Meet the Welsh coach with one of the toughest jobs in the URC
On the face of it, Richard Hodges has just about the toughest job in the URC as Zebre’s new defence coach.
After all, the Italians conceded no fewer than 101 tries in losing all 18 league games last season, 28 more than any other side and an average of 5.6 a match.
But, from being daunted, former Cardiff Rugby coach Hodges is excited by the challenge and encouraged by the team’s performances so far this season.
They led at half-time against both Ulster and the Ospreys before going down to narrow defeats, picking up four bonus points along the way.
It does mean their losing run in the URC is now up to 21 matches, but Hodges insists they are starting to change the perception of them as a laughing stock and earn some respect.
“When I got there, the kicking strategy was non-existent, our discipline was the worst in the league, we turned the ball over more than anybody else,” he said.
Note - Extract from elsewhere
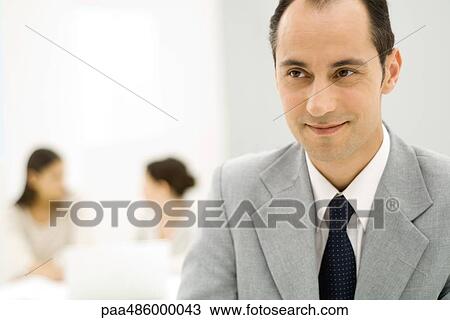 Businessman looking away, smiling, close-up View Large Photo Image Stock Image - Businessman looking away, smiling, close-up. Fotosearch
“But, in the last two weeks, that’s not been the case. We have hugely improved our kicking game, our discipline has been good, our set piece is a threat and we’ve scored a maul try in each match.
“Listen, you can look at the outcomes and there is frustration (at the results), but what we are doing in the week is coming forward at the weekend. Our training week has improved, so our performances have improved.
“We now go into three homes games – Bulls, Sharks, Cardiff. It won’t be easy, but our aim is to try and knock one of them over.
“Our priority this season is to try and get some wins at home, win a derby and try and get out of the group stage in Europe, in the Challenge Cup.”
Hodges continued: “People are starting to have a bit of respect back for Zebre. We are going in the right direction.
“I came here because I wanted a real challenge. Can we turn them from a side that’s a bit of a laughing stock at times into one that’s viewed differently?
“The perception was you just had to turn up against Zebre. The reality now is that people will take us seriously.”
As for his decision to head for Parma – after a decade at the Arms Park as Academy manager and defence coach – Hodges has no regrets.
“The easiest thing for me to do was to stay at Cardiff,” said the father-of-two.
“I could have done that and it’s a club that’s dear to me. I had been there a long time.
“But I need to develop and grow. It was a good move for family, with the age of the kids for them to come and live in a different country and learn a new language, a different culture, a different climate. The kids are in the European school in Parma, loving life, and it’s 28 degrees at the moment. It makes such a difference being in and around that weather day in, day out.
“So, from a family point of view, it’s something we wanted to explore and so far it’s been so good.”
On the rugby front, he added: “It’s an enjoyable group to work with. They are desperate to improve, they are open to learning.
“Anybody who has watched our first two games will have some respect for the way we have gone about our work.
“Look, it’s going to be a bit of a rollercoaster. We are going to have some tough days at the office.
“But I promise you, if we keep training like we do, we will win games this year.
“It is a challenge, but if I can get us into a side that’s not down the bottom all the time, then hopefully we will get a bit of respect back.”
Zebre raced into a 12-0 lead against the Ospreys at the Swansea.com Stadium and were 19-17 up at the break, with wing Simone Gesi crossing twice to add to his double in the 40-36 loss to Ulster.
In the end, they went down 34-31, but they outscored their hosts by five tries to four – with Kiwi back Scott Gregory also pouching a double – to come away with another two points.
Ospreys coach Toby Booth was full of praise for the Italian outfit, saying: “They are going to create problems for people. They have quality threats and they are going to be a team that’s difficult to deal with.”